Hi I'm using John Innes 3 soil.

I am a little confused about whether I need to add N,P,K + trace. I have a current nitrate reading of 10ppm so do I need N? I don't have a phosphate test kit yet so I don't know my levels - should I buy a kit and test before adding P? I also don't know my levels of K (no test kit), and same goes for all the micro's. should I be aware of what my current levels of all these things are before adding more, or do I just dose regardless?

Currently my GH is 14dGH and KH is 11dKH, if I were to follow the normal EI (low tech) procedure, would this alter these values? I don't want raise them as I am looking to keep soft(er) water fish.

Thanks

P


----------



## BigTom (28 Apr 2013)

I'm struggling a bit with the idea of nutrient deficiencies soon after setup with JI3 in a low tech tank, it's absolutely loaded with ferts (John Innes Composts explained). Which plants are struggling and how long has the tank been running?

Some will not do well due to a lack of co2, that's where I'd look first. Also, are you sure they aren't still switching from emersed to submerged growth?

JI3 also wasn't a terribly good choice if you're after a soft water tank, it's always going to push pH and hardness up quite a lot.


----------



## Alastair (28 Apr 2013)

With john innes youll struggle to keep any soft water fish im afraid as it constantly keeps the gh and kh very high due to the limestone content in it. 
Fish requiring soft water wouldnt last long even with how your water is now unfortunately.  
Following any dosing shouldnt increase your gh or kh anymore unless you were also adding in magnesium etc. 
In a low tech soil tank both the soil and waste produced by fish should be more than enough to give nutrients but you may neee to add smalk amount of trace now and then. 

Which plants is it that arent doing well it could be possible that the plants are higher demanding species

Also try to do the water changes on a smaller but more frequent scale so not as to make such a big impact on the water conditions.  
I would have thought the nitrate readings your testing in the water arent necessarily what the soil is also providing but 10ppm in a low tech should of been sufficient I would have thought .


----------



## Alastair (28 Apr 2013)

Tom just got in their lol


----------



## Paul195 (29 Apr 2013)

> JI3 also wasn't a terribly good choice if you're after a soft water tank, it's always going to push pH and hardness up quite a lot.


I am learning these things a little too late unfortunately! but I will work with what I have... I will choose fish to suit the conditions. The tank has been submerged and planted now for about 3-4 weeks.
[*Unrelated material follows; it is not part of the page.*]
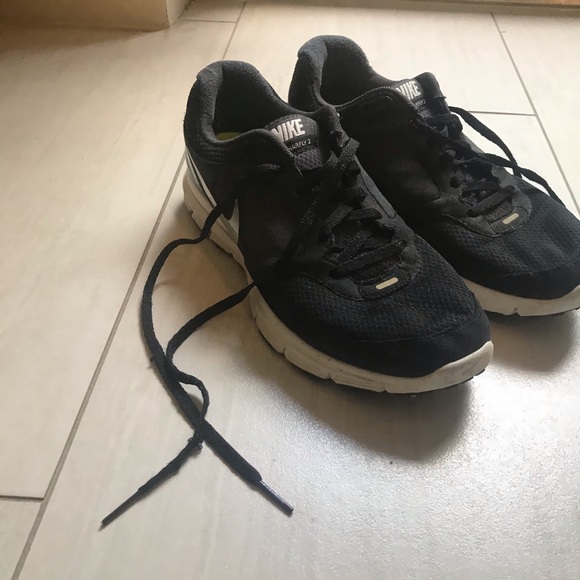 Nike lunarfly 2 black running shoes (women’s 7) - Picture 6 of 8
Here is my list of plants:-

Cryptocoryne legroi - pale in colour, not much growth
Bacopa myriophylloides - went almost totally brown, removed yesterday
Java moss Cup - fine
Cryptocoryne wendtii green - doing well
Echinodorus argentinensis - doing well
Echinodorus compacta - some holes in leaves
Echinodorus harbii - some holes in leaves, not much growth
Echinodorus purpurea - seems fine
Echinodorus uruguayensis - doing well
Echinodorus xinguensis - pale / transparent leaves and some browning
Heteranthera zosterifolia - doing superbly growing fast
Hygrophila pinnatifida - seems fine exept lower leaves decaying
Juncus repens - seems fine
Ludwigia peruviana - seems fine but not much noticeable growth yet
Microsorium mini - fine except some black edges to leaves
Microsorium pteropus - as above
Pogostemon erectus - not doing too well - pale in colour (knew that this was a high light plant but decided to give it a shot)
Pogostemon stellatus - doing really well but some of the upper most leaves are lighter green in colour.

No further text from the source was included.